Sometimes it is as though you are separated into surfaces and colours, like a Rubix Cube. Your moments are filled with scattered colours, mismatched squares, and disorganized twists and turns. It seems as though it is your destiny to find the order, to invent an antidote to chaos by solving your personal puzzle.
Once, I managed to get all my reds together. I was so proud, my chest puffed out like a crimson peacock as I surveyed my work. I craned my neck, trying to view my accomplishment from every possible vantage point, only to notice a different surface where all the greens were in bed with the blues, and even a yellow had managed to dance its way into the equation. I immediately dismantled all my reds in order to fix the problem.

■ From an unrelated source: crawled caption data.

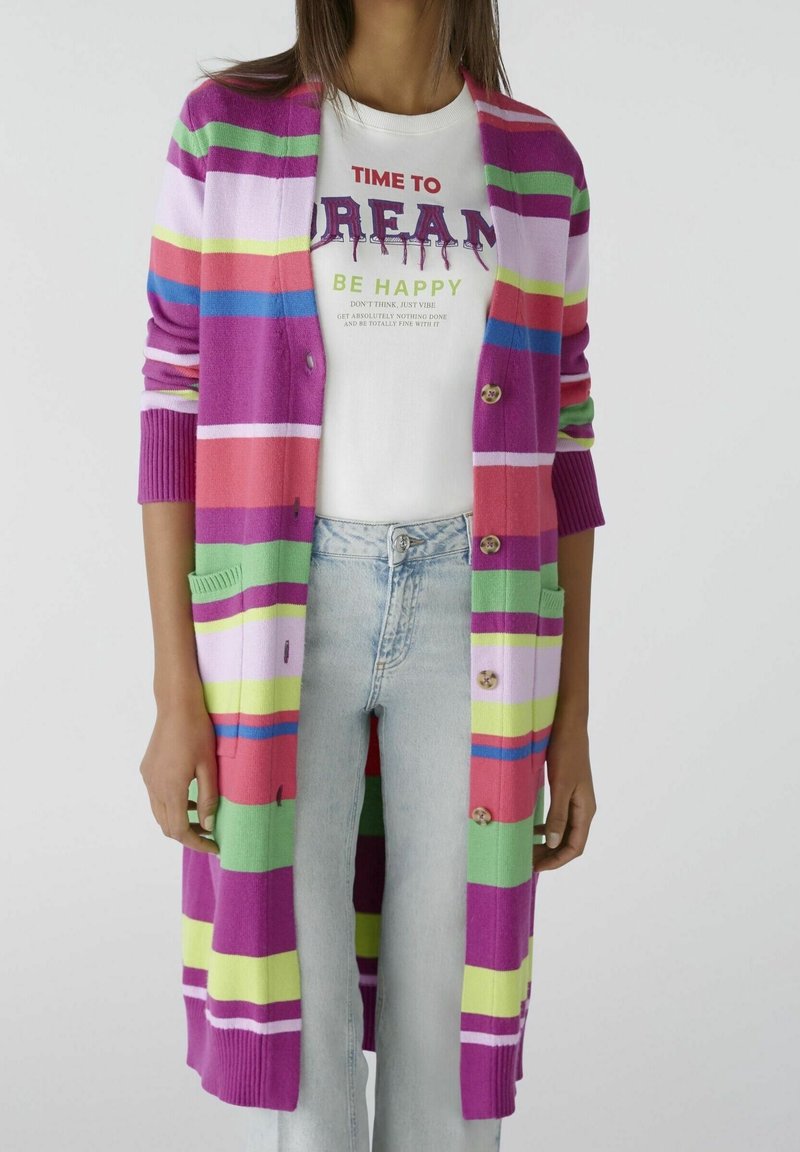 Femme portant un long cardigan rayé rose, vert, violet et bleu par-dessus un t-shirt blanc avec l'inscription « Il est temps de rêver, d'être heureux. »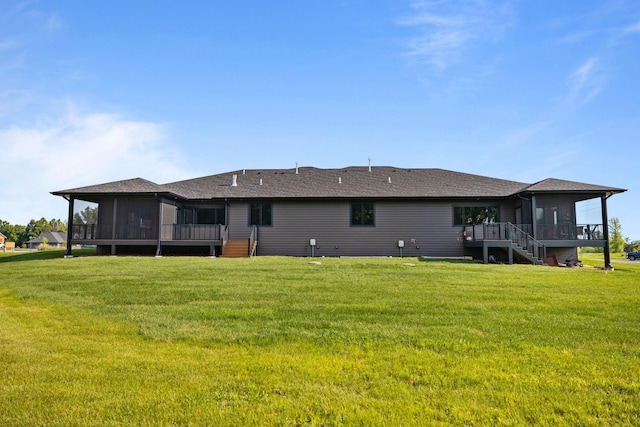 7284 205th St W, Faribault, MN 55021 - back of house featuring a sunroom, stairs, and a lawn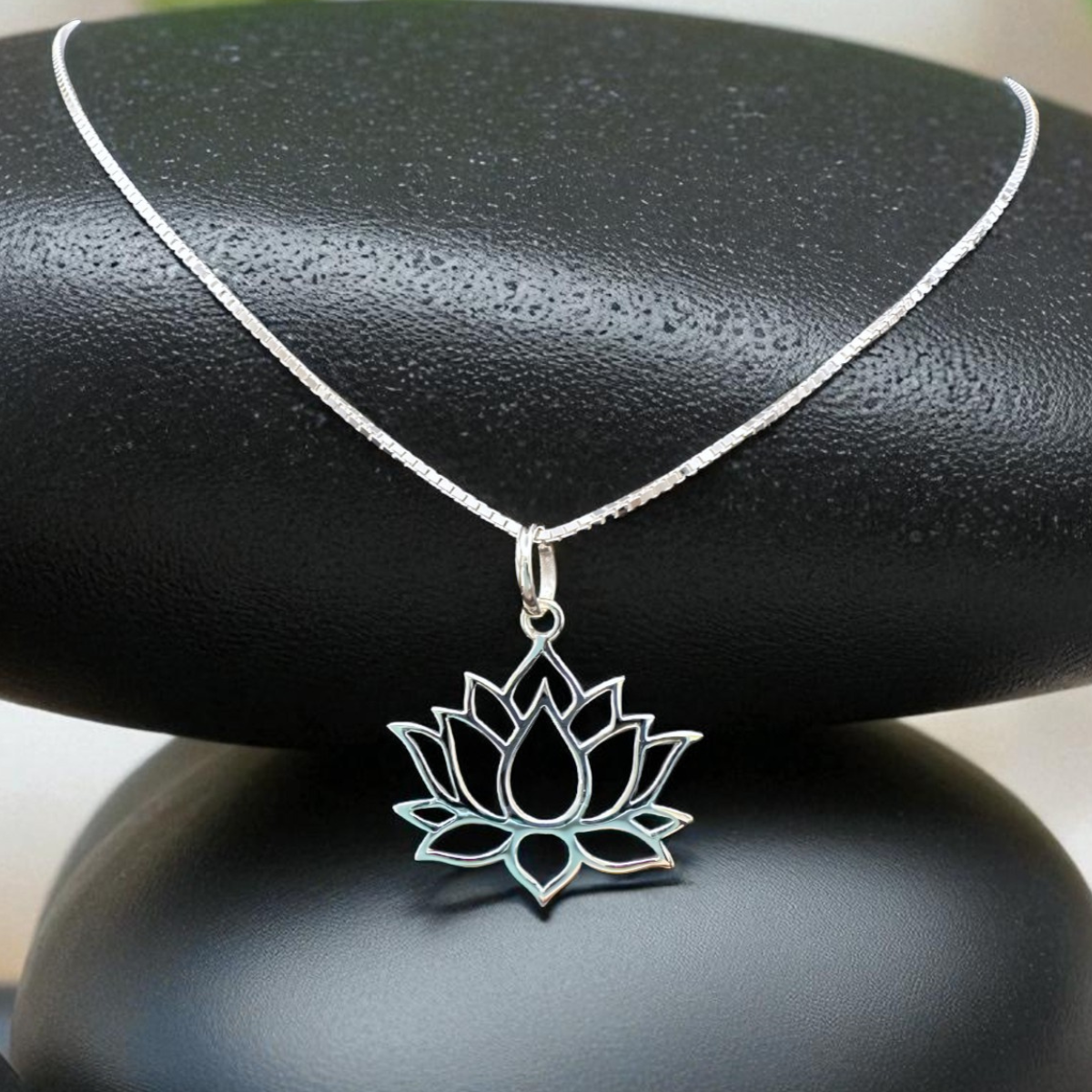 Silver lotus flower necklace on a black stone with greenery in the background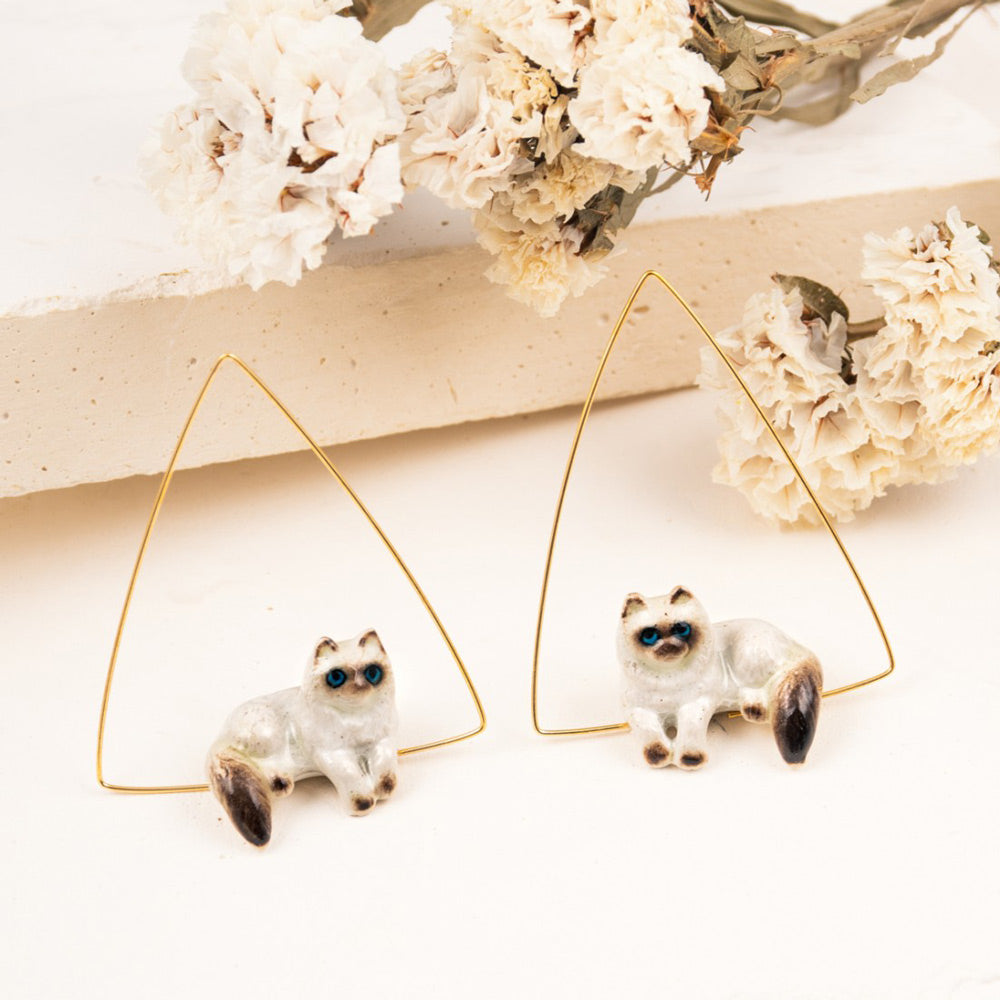 Siamese Cat Triangle Earrings by Nach on white plaster and floral decor.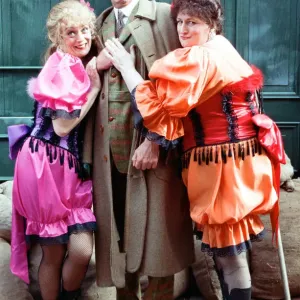Comedian Russ Abbott dressed as Sherlock Holmes flanked by Sherrie Hewson (left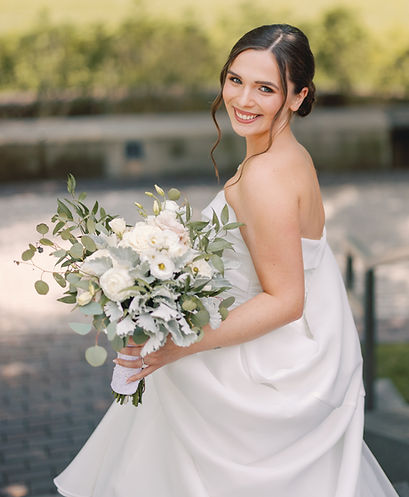 bride holding bouquet with soft bridal makeup and elegant hairstyle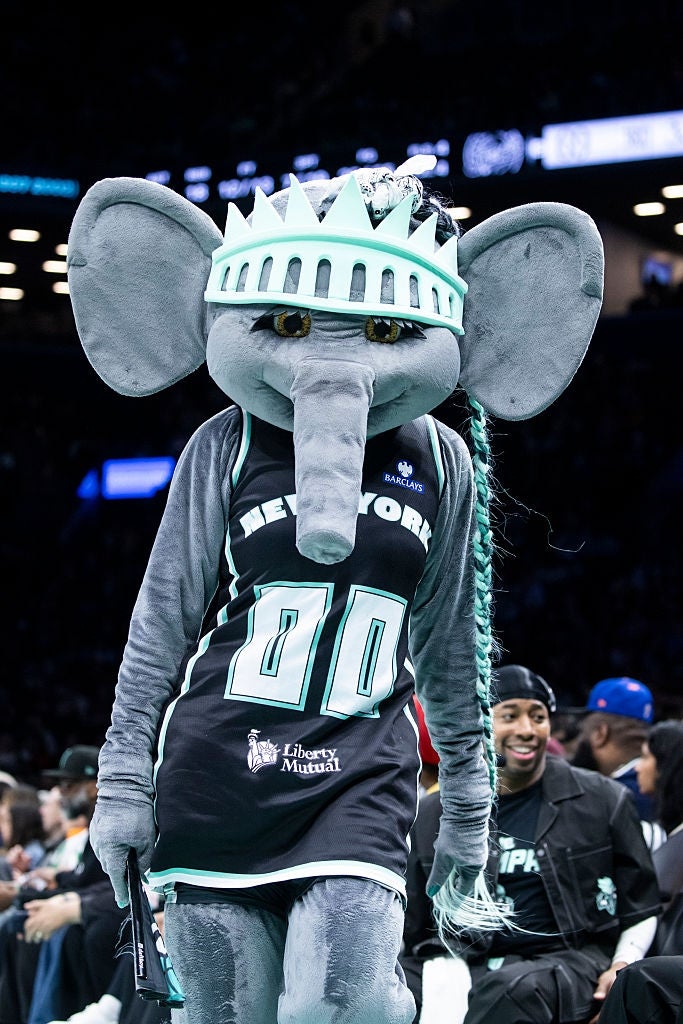 A sports mascot dressed arsenic  a stylized elephant with a hoops  jersey and a crown-like headpiece astatine  an indoor sports event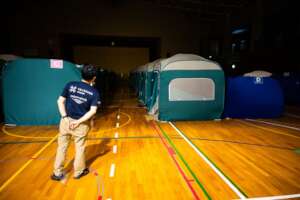Dr. Inaba checks tents where evacuees are sleeping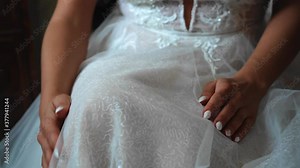 The girl touches her beautiful white dress with her hands. Everything is shot in close-up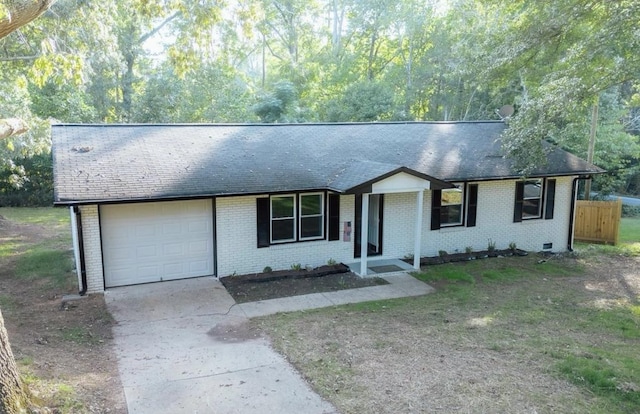 ranch-style house featuring concrete driveway, roof with shingles, a garage, and brick siding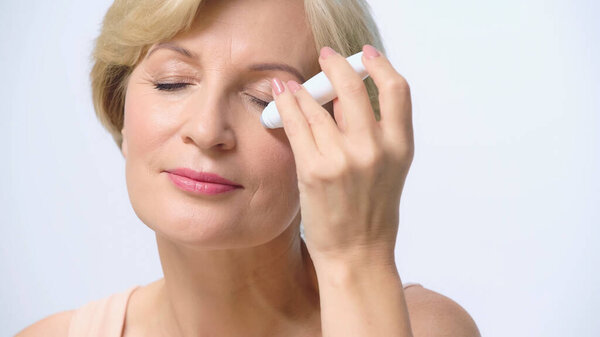 blonde middle aged woman using eye roller isolated on white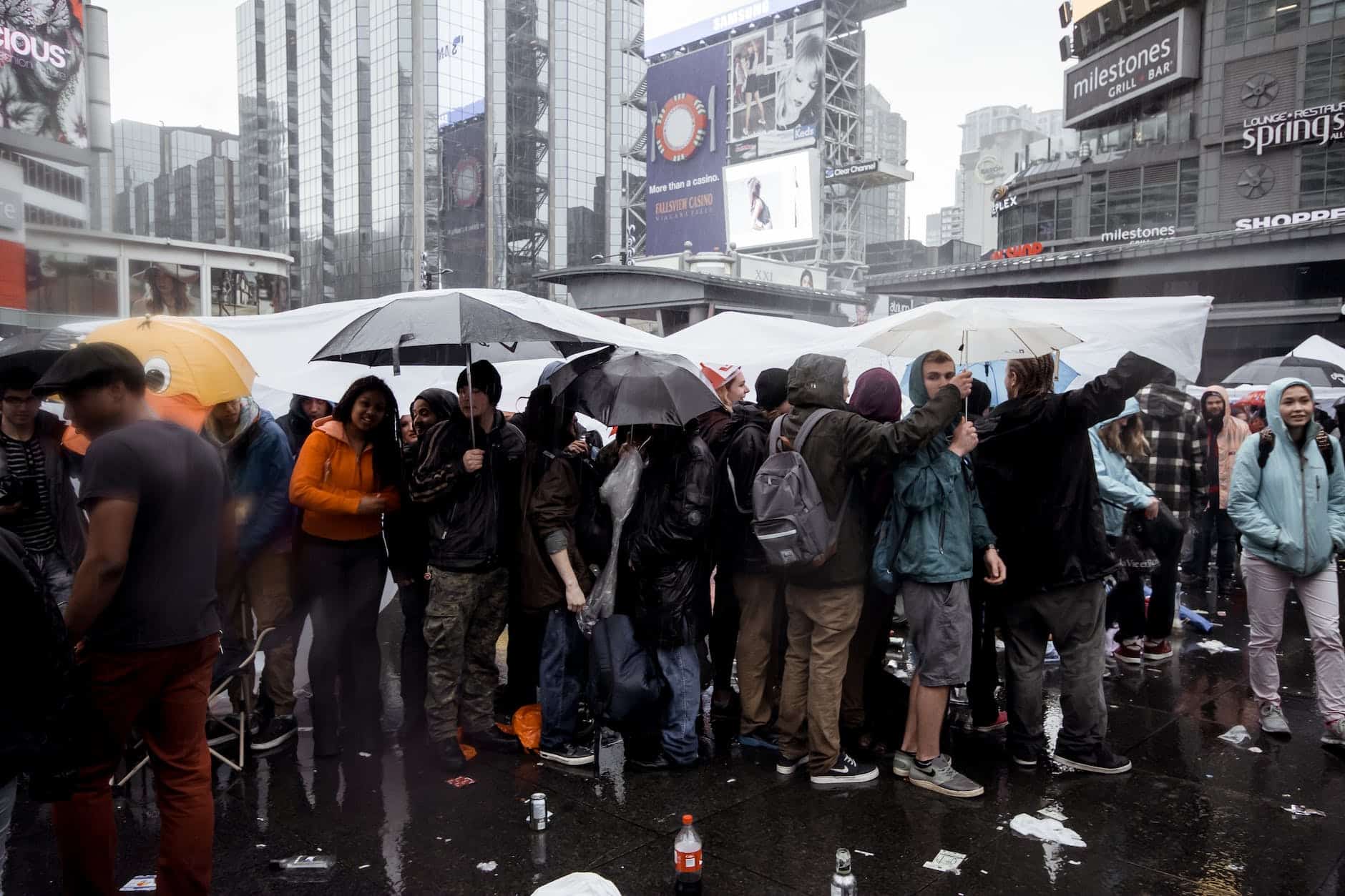 crowd of people standing under umbrellas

Then came a day where I believed I had achieved true enlightenment. The yellows gleamed as a untied plane, golden like the sun. The blues stood at attention perfect in their cerulean splendor. The greens shone fresh like a forrest and the reds, but wait! How did a yellow invert with a red? When was my back turned? All my zen was threatened in this moment by this cruel orange bound affair. A plan. A plan is what I need to get back to the order I had almost tasted. I can do this.
Then a breeze. A swirl. A gust. The wind.
All my order gone with the whim of one ephemeral cloud. Everything I had worked for destroyed in a single breath. How could this be? I ached for that which I had lost, until I realized I was free. My plans were changed, destroyed. I had no desire to start again, and the array of crimson uniting with gold, and blue on green on blue was beautiful of its own right. Accidental art, created in a gust of the elements. And it was beautiful.
Now I cling to chaos, the last remaining shred of my sanity. I hold to the hope that I can find passion in order, and solace in turmoil. Art is everywhere, and I'm holding on to the wind.